Bioavailability depends on the digestibility of the protein source, and this depends largely on the degree of protein hydrolysis after digestion and the amino acid absorption intestine capacity.
Determining protein source in in vivo digestibility is a long process that involves the rearing of animals on a specific diet, faecal collection and its analysis. It is very costly when the digestibility of various sources is to be determined and involves the use of many animals. The development of in vitro protein hydrolysis techniques allows a protein source digestibility estimation without the disadvantages of in vivo digestibility [40]. Likewise, in vitro digestibility techniques are used to obtain protein hydrolysates that allow greater bioavailability of amino acids.
Digestion and absorption processes in animals are very complex and dynamic; therefore, simulating a complex process using in vitro methods is difficult, and the results will never be as accurate as in vivo methods, but is a great alternative, taking into account the complexity and time needed for the experiments compared to in vivo methods.
In a recent study evaluating the inclusion of defatted black soldier larvae meal in extruded dog food, Penazzi et al. [41] studied whether the in vitro digestibility method could be comparable to the in vivo method.

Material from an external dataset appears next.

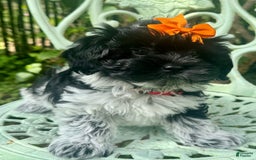Maltipoo dogs for sale: Lucy - Image 2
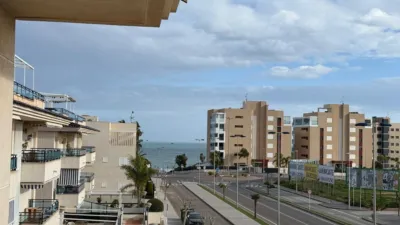 Pis – Pilar de la Horadada, Torre de la Horadada - Vista 2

They found that although the estimates were higher than those obtained by in vivo analysis, the in vitro digestibility values for crude protein (82.3%) were similar to the in vivo results (80.1%) and considered that this method could be a possible alternative to the traditional method of total faecal collection in in vivo digestibility tests.
In vitro protein hydrolysis methods mimic the conditions simulated by digestive processes through proteolytic enzymes by measuring the percentage of proteins that are hydrolysed by these enzymes [42]. These methods are quickly reproducible, give a great digestibility estimation for a wide range of foods [43] and allow comparison between ingredients when used under the same experimental conditions.
Therefore, the aim of the present review is to study the different methods and applications of in vitro protein hydrolysis of insects performed thus far and to assess the different processing techniques of meals to aid in insect protein hydrolysis to provide an overview of the knowledge obtained thus far.

2. Study Summary

Two databases were used: Science Direct and Scopus. The following keywords were entered: “Protein hydrolysis”, “Digestibility”, “In vitro hydrolysis”. Inclusion criteria were insect-based articles with in vitro protein hydrolysis. Exclusion criteria were articles on in vivo hydrolysis, bioactive peptides (pharmacology/health field) and whose results were qualitative.
Finally, 34 articles (30 experimental and 4 reviews) published up to 2021 related to in vitro protein hydrolysis of protein from different species of insects were studied. These articles differ according to the type of insect, the way to obtain the insect, the hydrolysis method used, the hydrolysis phases and the enzymes involved in each phase. Differences are also found in the way to verify protein hydrolysis after hydrolysis both in the methodology used and measurement units. In this review, the results were divided into two types of hydrolysis. In vitro protein hydrolysis as a simulator of digestive processes (oral, stomach and intestine) in the different insects used in feed and the effect of different meal processing of insect meals to improve/evaluate the digestibility of insects.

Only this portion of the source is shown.